In 2010, while I was playing with Go-Neko!, I recorded a couple of tracks that I liked but that didn’t fit the band. We stopped playing together and I started playing in other bands, so the tracks were put on hold. I always had the idea of releasing them, but never found the time or figured out the way to do it. In 2016 I bought a vintage synth from the 70s (the ARP Omni), new songs came about and I went back and added vocal melodies and lyrics to the old ones (somehow I had never tried that before). That’s how I started thinking about materializing my own personal project under the name Ex-Colorado.

My songwriting process changed when I decided to add vocals to my songs, which were always instrumental. I still like that approach – my songs are always born out of a guitar or keyboard melody, and from there I create different sound layers that interact with one another.

What inspires your lyrics — they’re often philosophical, introspective, sometimes even mantra-like… 

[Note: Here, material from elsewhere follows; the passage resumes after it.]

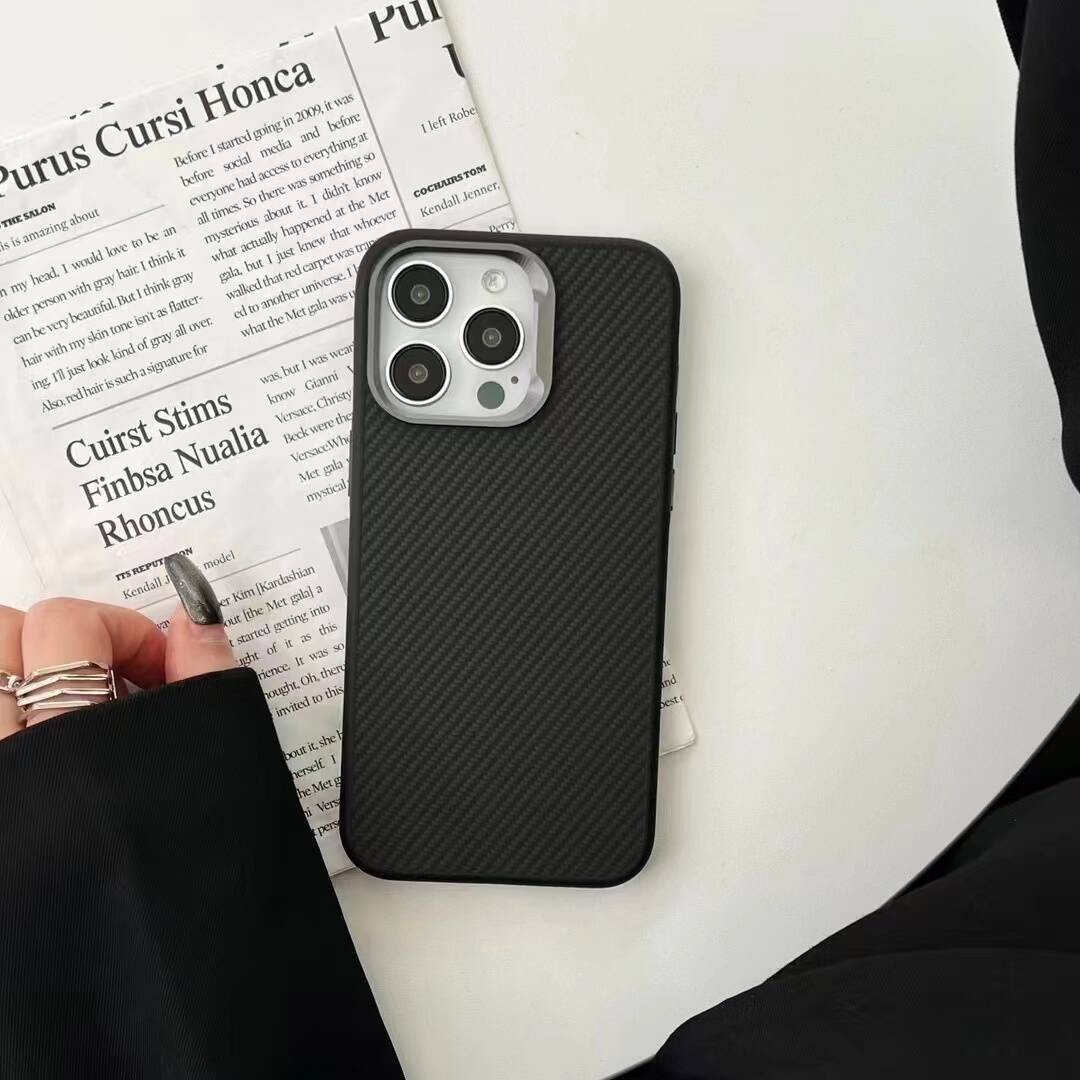 Apple iPhone 14 Pro Max Kılıf M-safe Şarj Özellikli Karbon Fiber Görünümlü Zore Troy Kapak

Since it’s my first time writing lyrics, I tried to avoid common place things by delving deep into certain existential matters that always intrigued me, and then I had to find the best way to make them serve the song.

Studio Moloko Vellocet

How has your experience recording and producing other bands informed your own work?

I’ve always been recording and producing bands while playing, so I’m pretty used to it by now. I also try to learn from every new band that I work with, both musically and personally.

I hear some kraut-rock influences, but that’s not the only genre that informs your work — can you tell me a few bands that served as an inspiration for this album?

In Siete Mares there’s a mix of influences that I like and feel comfortable with, such as Neu!, Harmonia, Beach House, Deerhunter, Lotus Plaza, Yo La Tengo, Bill Callahan, and so on.

Tell me a little bit about your gear! What do you use to recreate the album’s amazing synth sounds live?

For the live shows, I use the same instruments that I recorded the album with. For keys, I use the beautiful ARP Omni synth from the late 70s, and the Casiotone MT68, and for guitar, my 1999 Fender Jazzmaster that has been with me since 1999.

What things besides music inspire you to write songs?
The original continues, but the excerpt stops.